Once "This next fragrance" turns up in a line below, reproduce that line and those after it exactly, stopping after the line with "The contemporary apartment"; leave pictures out.

========================================================================

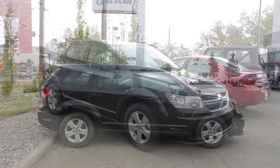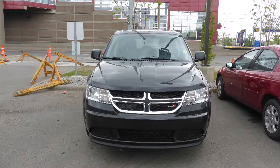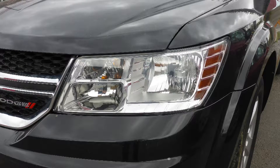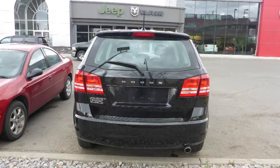This 2013 Dodge Journey CVP comes equipped with the 2.4L engine and automatic transmission, power heated manual folding side mirrors, halogen headlamps, 17-inch aluminum wheels, and a black exterior.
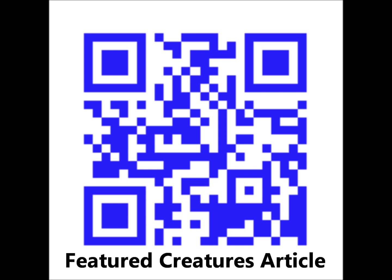please visit the Featured Creatures website at http://entomology.ifas.ufl.edu/creatures/trees/moths/yellow_striped_oakworm.htm, or scan the QR code shown to go right there.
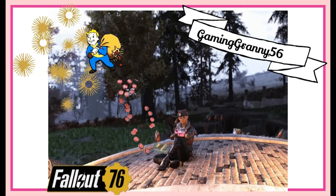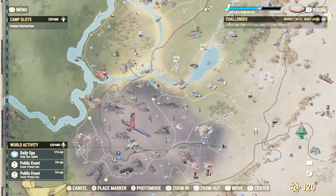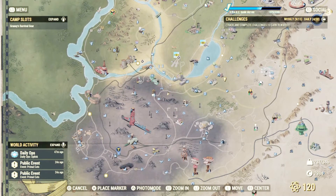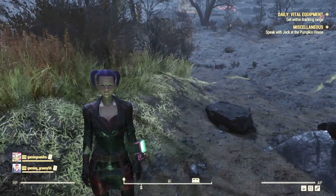Hello, welcome to Gaming Granny's channel. This is Gaming Granny playing Fallout 76. Today we are here, very near the Rusty Pick, and kind of diagonal from the Charleston Fire Department.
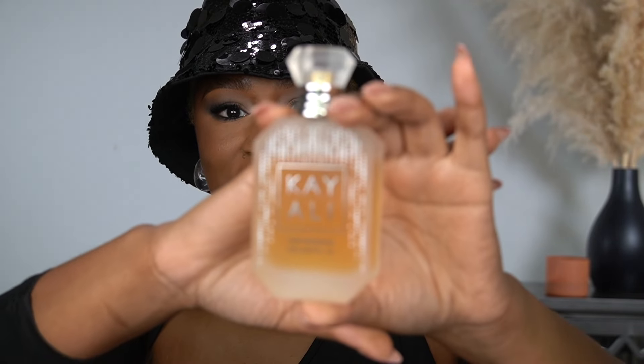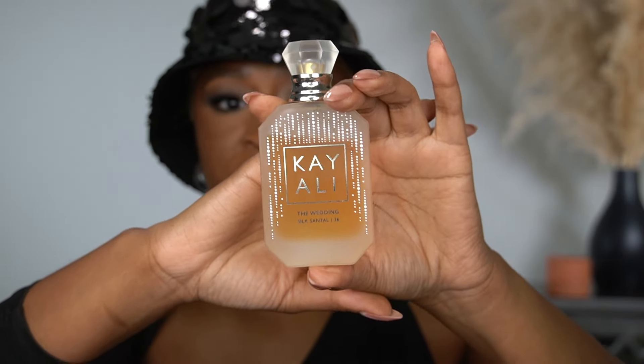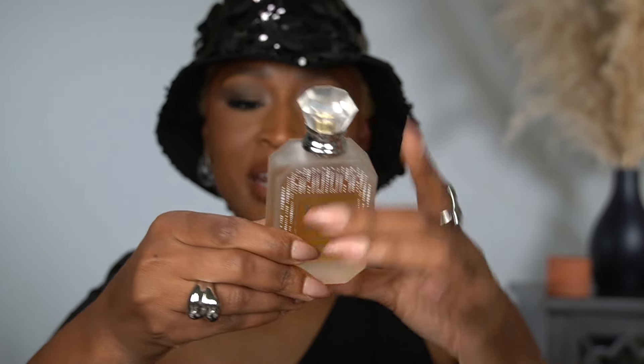This next fragrance was in my top five best fragrances that launched in 2023, and it just recently relaunched at Sephora and on Huda Beauty's website — and the girlies went nuts. This is Kay Ollie's The Wedding Silk Santal. Such a nice, beautiful, vanilla, elegant, feminine scent. The notes on the back are: sparkling champagne, white freesia, pink praline, lush nectarine, sandalwood, and sugar musk. It smells so good.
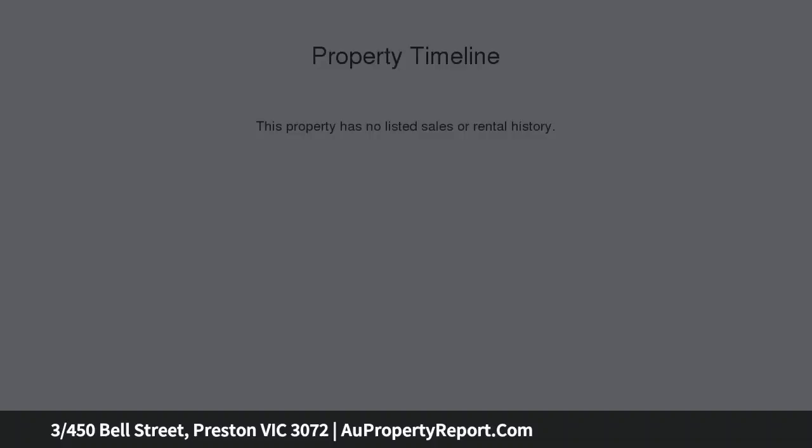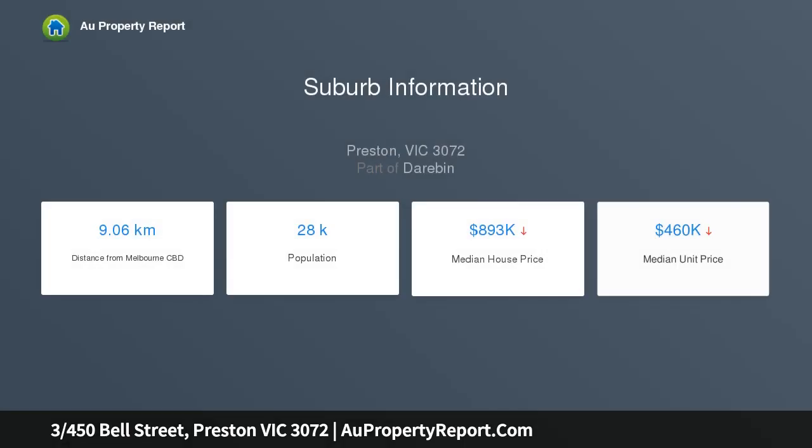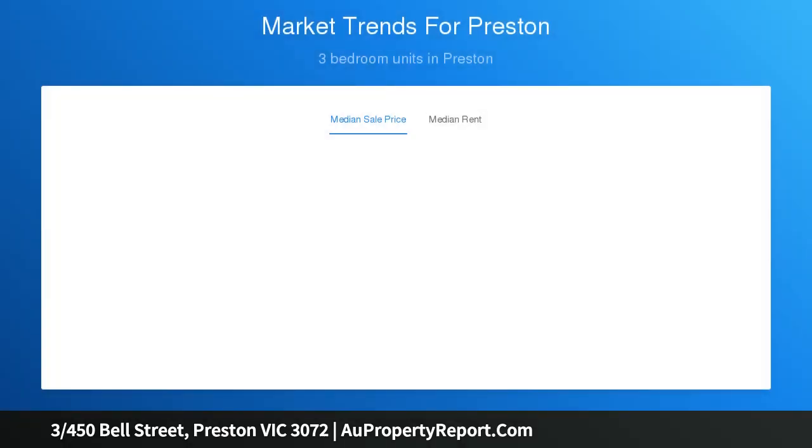The contemporary apartment features an open living, meals and kitchen filled with a full complement of stainless steel appliances matched with sleek stone countertops, easily maintained.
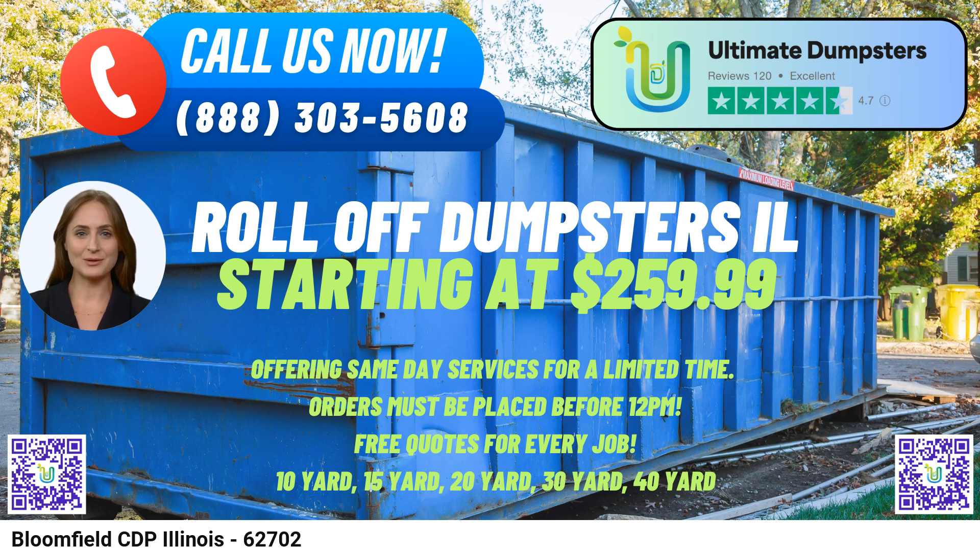Our 30-yard dumpster measures around 22 feet long, 8 feet wide, and 6 feet tall, making it perfect for larger residential projects and construction debris. Our 40-yard dumpster spans approximately 22 feet long, 8 feet wide, and 8 feet tall, and is ideal for major construction or demolition projects.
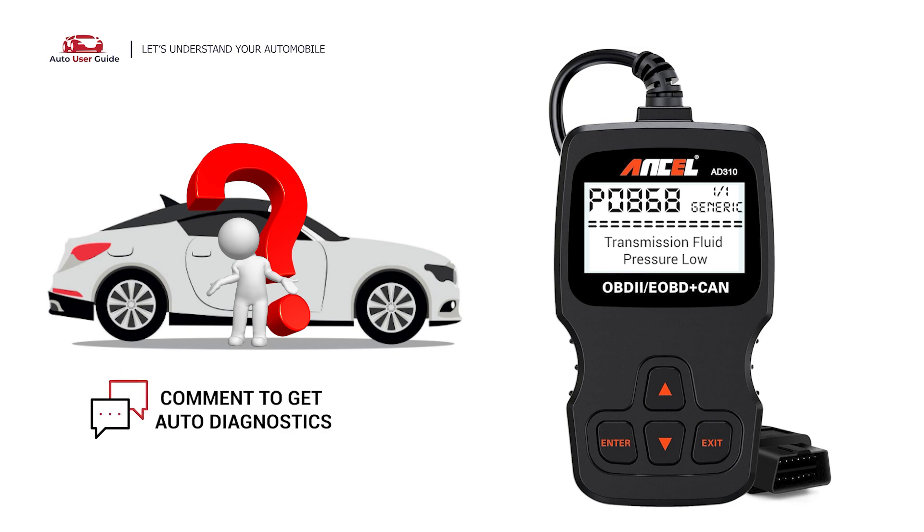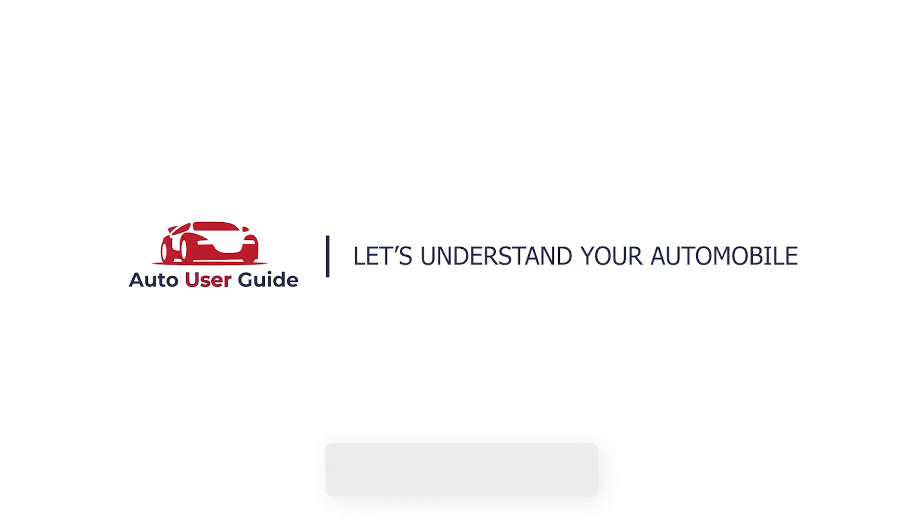If you want to fix this error code, let us know in the comments section — we will definitely make a video on your demand. If you like this video, don't forget to subscribe to our channel. Thank you.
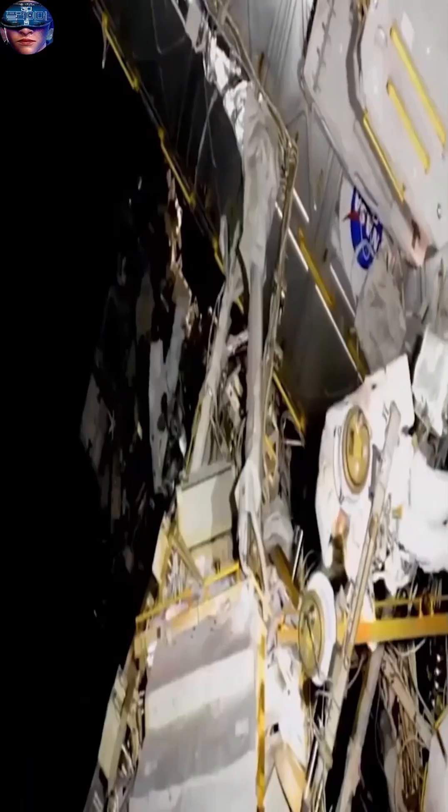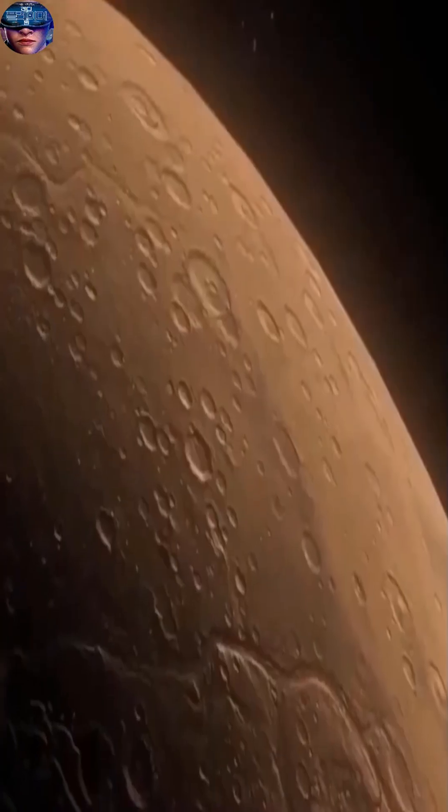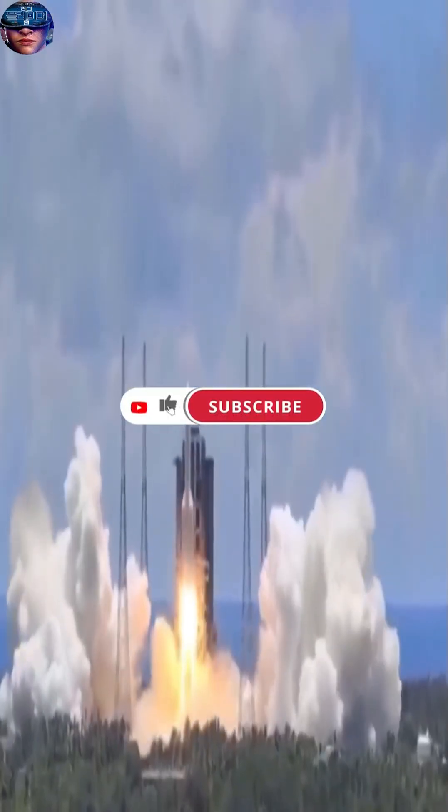NASA protects astronauts from deadly solar and cosmic winds in space using a range of technologies and protective measures. First, it designs spacecraft to protect astronauts from radiation generated by solar and cosmic winds using magnetic shields and radiation-resistant materials.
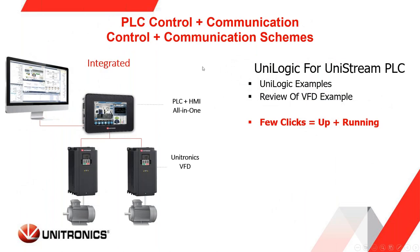Let's dive into using the Unilogic software from Unitronics, which controls the Unistream family of PLCs and controllers. We're going to look at a Unilogic example for PLC ladder logic. The message I want to deliver is that within a few clicks, you can be up and running, connected, and moving the VFD using the software.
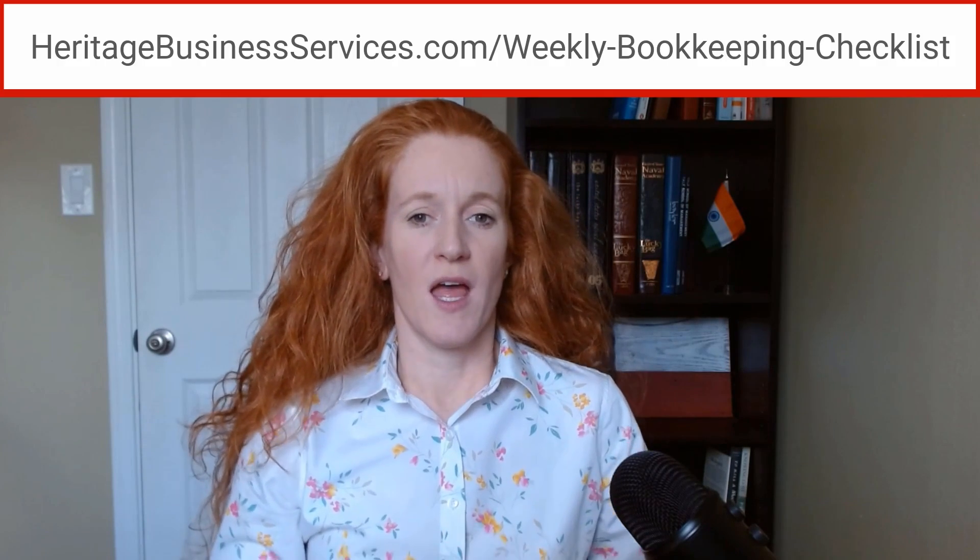Let me tell you some ways that I can help you. Number one, one of the most valuable resources I have is available for free. It is my bookkeeping checklist for FreshBooks users. Make sure you grab your copy at the link in the video description so you know the right workflow and the key steps to take to have accurate books.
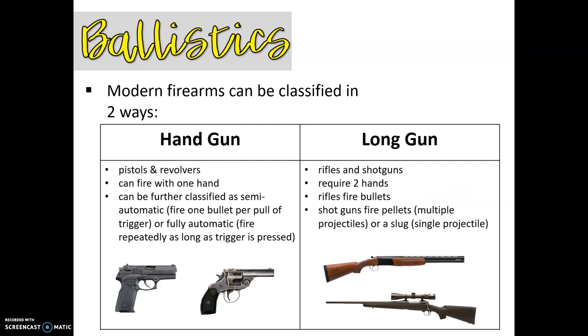There are two different classifications of classic firearms: the handgun and the longgun. When we're talking about the handgun, we're talking about pistols and revolvers. They're called handguns because you can fire with one hand, and they can be classified as semi-automatic — meaning you fire one bullet per pull of the trigger — or fully automatic, where it fires repeatedly as long as you're holding down the trigger. For longguns, we have rifles and shotguns, which typically require two hands. The rifle fires bullets, and shotguns fire pellets — multiple projectiles — or a slug, which is a single projectile.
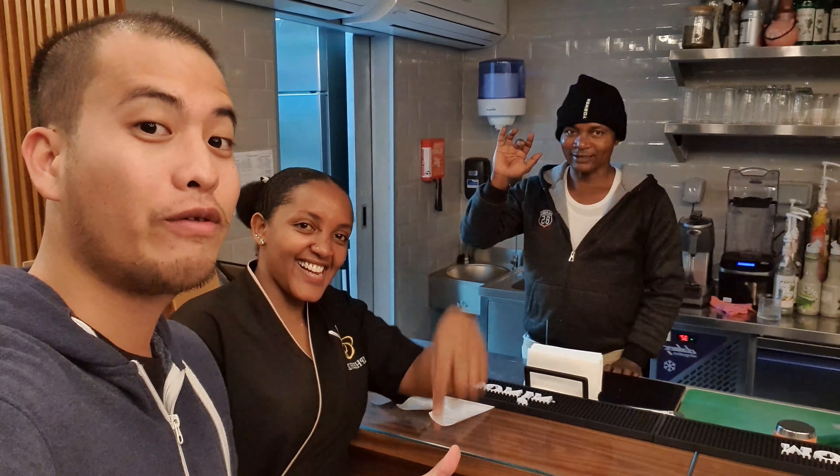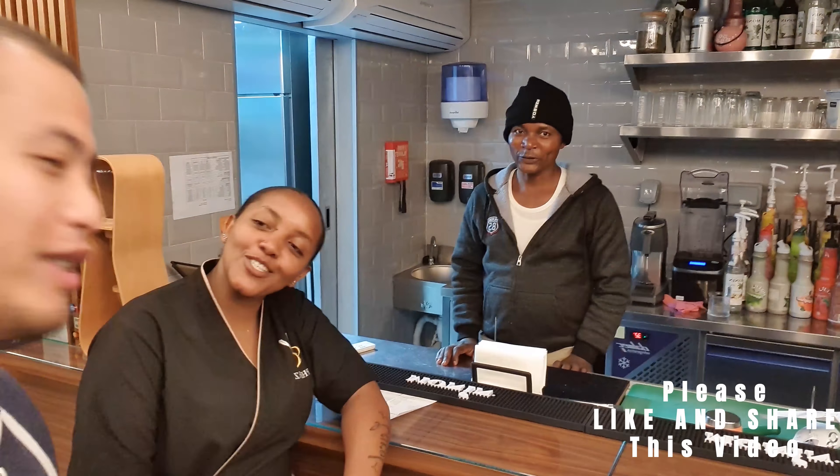All right guys, thank you so much for staying with me in this video. Don't forget to subscribe. And here are our very accommodating staff here at Spears — thank you so much, see you again next time.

========================================================================

Task solution:
This next fragrance was in my top five best fragrances that launched in 2023, and it just recently relaunched at Sephora and on Huda Beauty's website — and the girlies went nuts. This is Kay Ollie's The Wedding Silk Santal. Such a nice, beautiful, vanilla, elegant, feminine scent. The notes on the back are: sparkling champagne, white freesia, pink praline, lush nectarine, sandalwood, and sugar musk. It smells so good.
The contemporary apartment features an open living, meals and kitchen filled with a full complement of stainless steel appliances matched with sleek stone countertops, easily maintained.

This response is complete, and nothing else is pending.